Long before Harveyetta Stone had a title or a corner of the org chart to call her own, she had a purpose. As a child, she was always the one who noticed when someone needed help — and moved toward them. That instinct never left her. It just found a bigger stage.
Today, as CES’s Benefits Manager, Harveyetta is the person behind every health plan, every wellness program, every quiet moment of support that employees may never fully realize came from her. She is, in the truest sense, the person who takes care of the people who take care of CES.
Fifteen Years of Showing Up
Before CES, Harveyetta spent 15 years at ASTM International, a globally recognized standards development organization. Three roles, each lasting roughly five years. It tells you something about her: she doesn’t dabble. She commits, grows, and goes deep.
When a recruiter called about an Administrative Assistant role at a company called Customized Energy Solutions, she was immediately intrigued. She’d never heard of anything quite like it. An interview was scheduled.
Then a death in the family made it impossible to attend.
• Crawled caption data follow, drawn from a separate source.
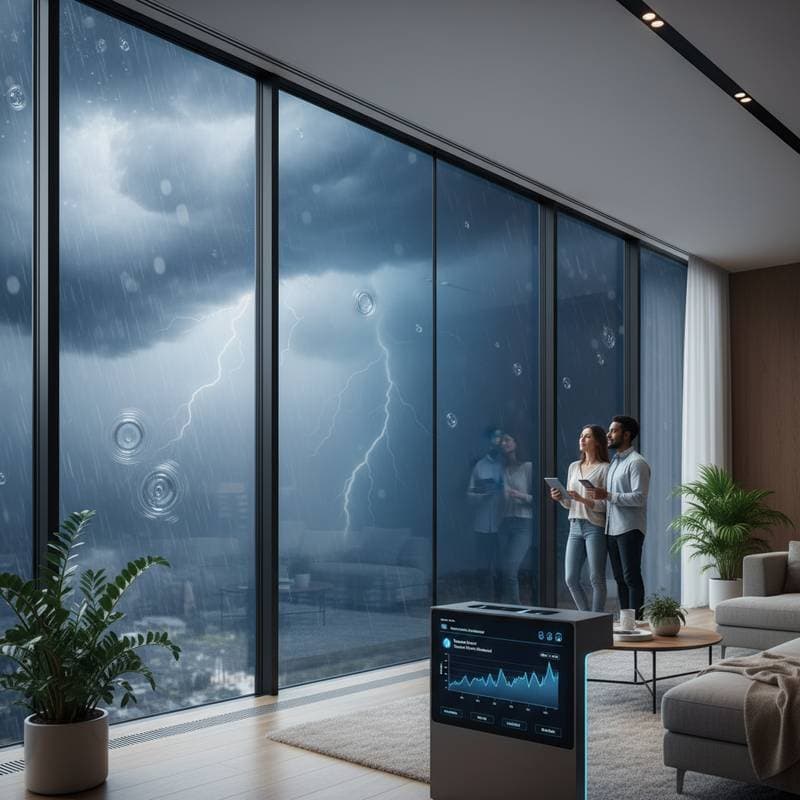 Featured image for Smart Windows React Instantly to Storm Threats
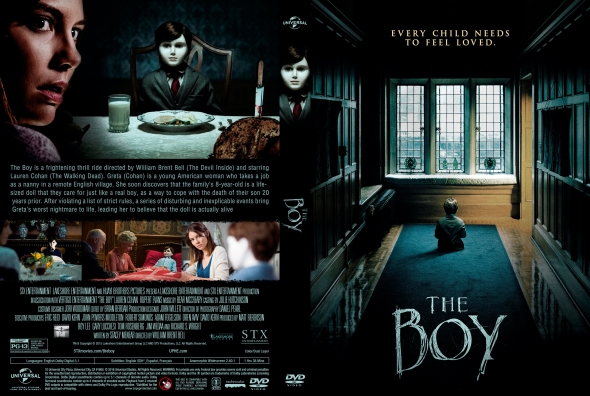 CoverCity - DVD Covers & Labels - The Boy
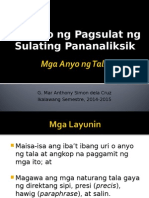 14 Pagtatala Ng Datos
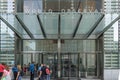 One World Observatory Entrance at the One World Trade Center, New York City, USA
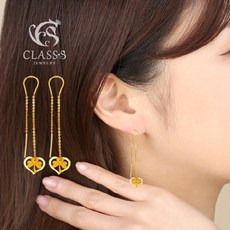 명품순금귀걸이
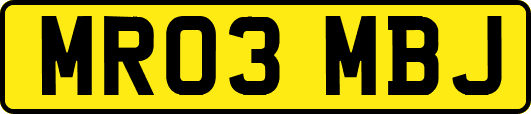 MR03MBJ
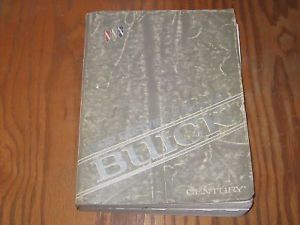 1992 buick century factory shop service manual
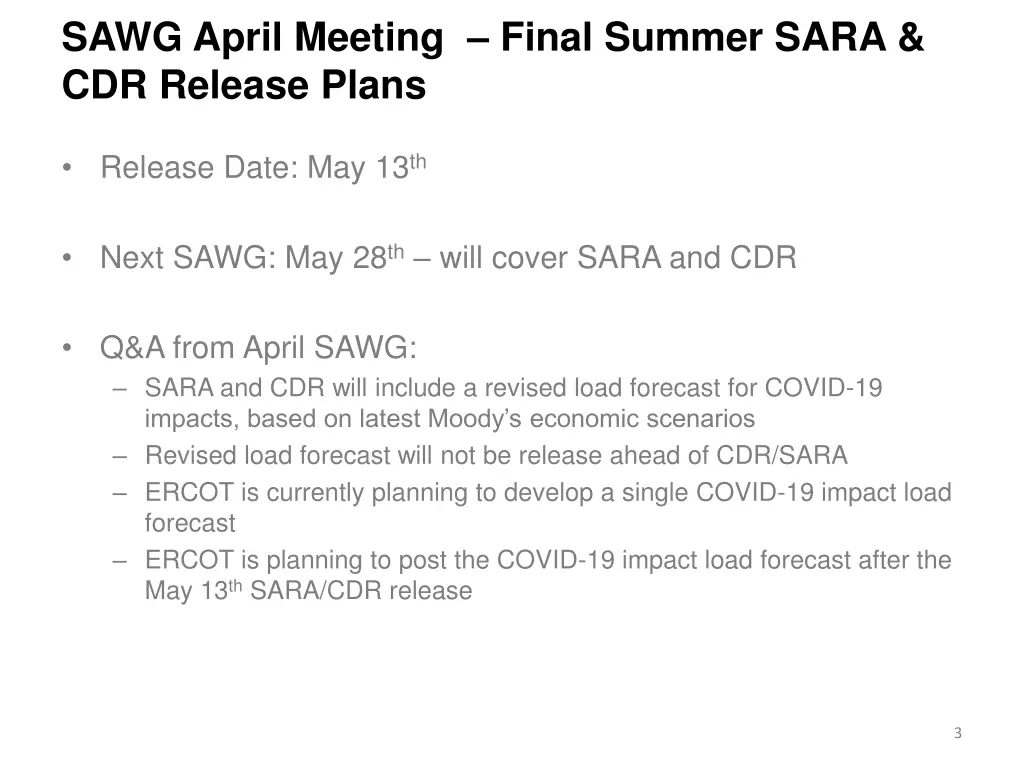 sawg april meeting final summer sara cdr release
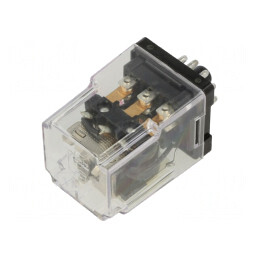 Releu Electromagnetic 3PDT 110VDC 10A | Electronic-mag.ro | Componente Electronice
What happened next told Harveyetta everything she needed to know about CES. CEO Stephen Fernands didn’t move on. He rescheduled. She came in, interviewed, and received an offer the very same day.
“That act of grace stayed with me,” she reflects. “It told me this was a place that saw people as people.”
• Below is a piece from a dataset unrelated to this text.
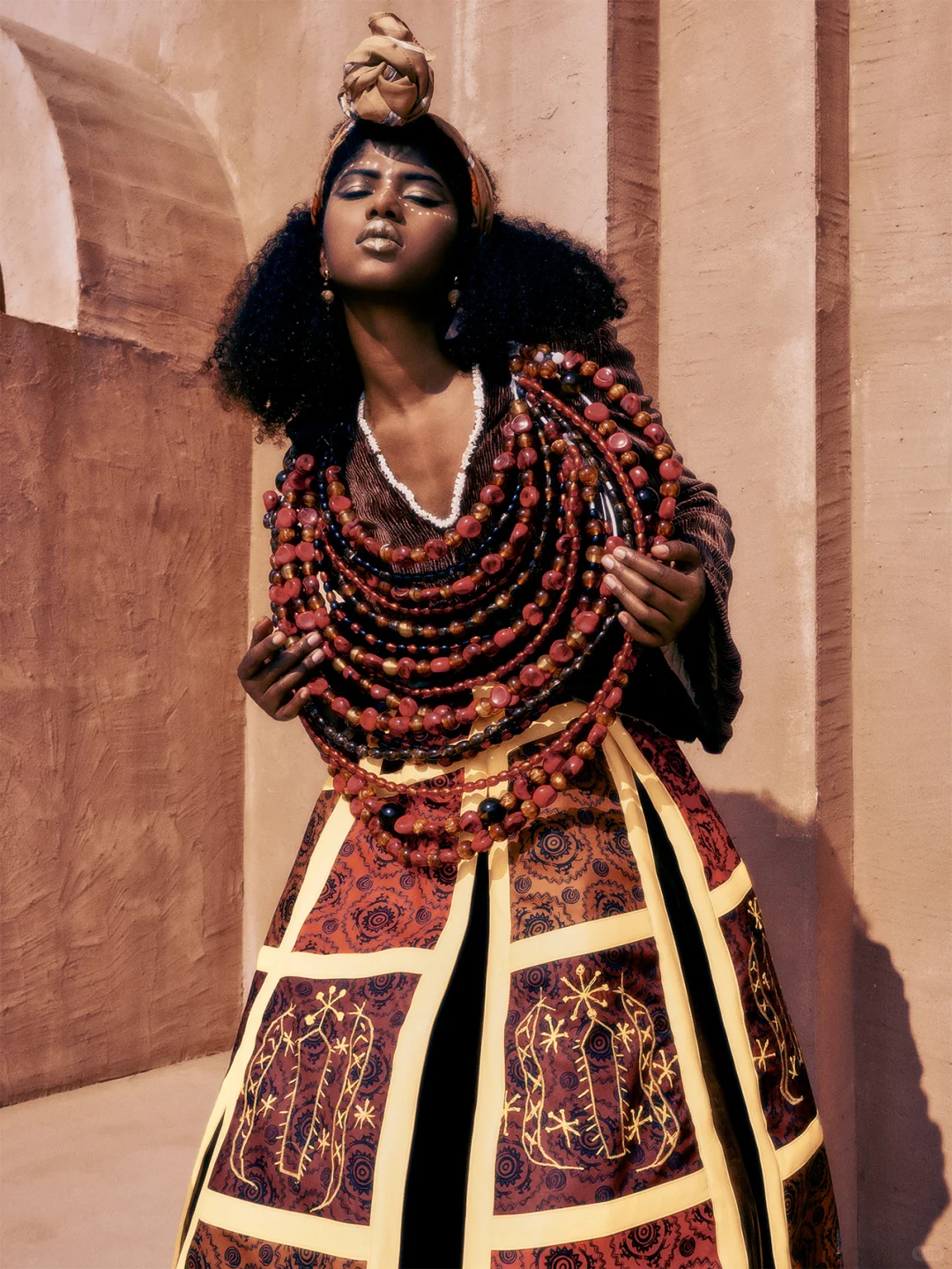 留学服设拍摄｜来自非洲的野性巫女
A Role That Had Her Name on It
When Harveyetta joined CES, there were 13 associates company-wide. Thirteen. She has watched it grow from that small, scrappy team into a global organization, welcoming some of the energy industry’s most talented professionals along the way.
Within two years, CES was growing so quickly that Stephen created an entirely new role — Benefits Manager — and asked if Harveyetta wanted it. She said yes. Then CES did something she still marvels at: it paid for her education. She finished her bachelor’s degree and went on to complete Villanova University’s Master’s program in Human Resources Development, finishing with a 3.53 GPA.
“I believe this role had my name on it long before I arrived,” she says. “It was through that educational experience that I really grew it into what it is today.”
Benefits, But Make It Human
Ask Harveyetta what makes her approach to benefits different, and she gets personal fast. “Mental, emotional, and spiritual well-being fosters balance, resilience, and authenticity that is often overlooked. I care about these things because I also need them myself. I’m not separate from the people I serve.”
That’s the Harveyetta philosophy: wellness is not a checkbox. CES’s benefits package reflects this, extending well beyond health and dental to touch mental health, physical fitness, spiritual wellness, and professional coaching. She’s proud of that breadth — because she shaped it.
Her most recent project — helping build and implement a new accounting software platform — required managing two systems simultaneously while keeping everything else running. It tested her. She’ll tell you that openly.
“The most challenging thing I’ve solved recently was learning how to protect my own mental wellness during that process,” she says. “I learned the importance of setting boundaries, breaking down overwhelming tasks, and knowing when to disconnect. It’s advice I give others. I had to take it myself.”
Growing With CES, Globally
As CES has expanded internationally, so has Harveyetta’s reach. She was recently asked to join CES’s POSH Committee — a body required for Indian workplaces with 10 or more associates, designed to prevent, prohibit, and redress sexual harassment. For Harveyetta, it’s a new frontier, and she’s embracing it.
“This is a new venture for me and I’m excited to be a part of it,” she says. It’s a small detail that speaks volumes: a woman who joined a 13-person company is now helping shape the culture of its global operations.
The Garden, the Grandchildren, and Growing Things
Outside the office, Harveyetta is a grandmother three times over — and she lights up describing each one. There’s her 14-year-old grandson, about to travel to Japan. Her 8-year-old grandson who, she laughs, “thinks he’s invincible.” And her 6-year-old granddaughter who is “so eager to change the world.”
Every spring, she looks forward to one thing above nearly all else: the garden. She sews, reads, watches movies, and finds deep recharge in the simple, grounding rhythms of home life. It’s fitting. She tends to growing things — professionally and personally.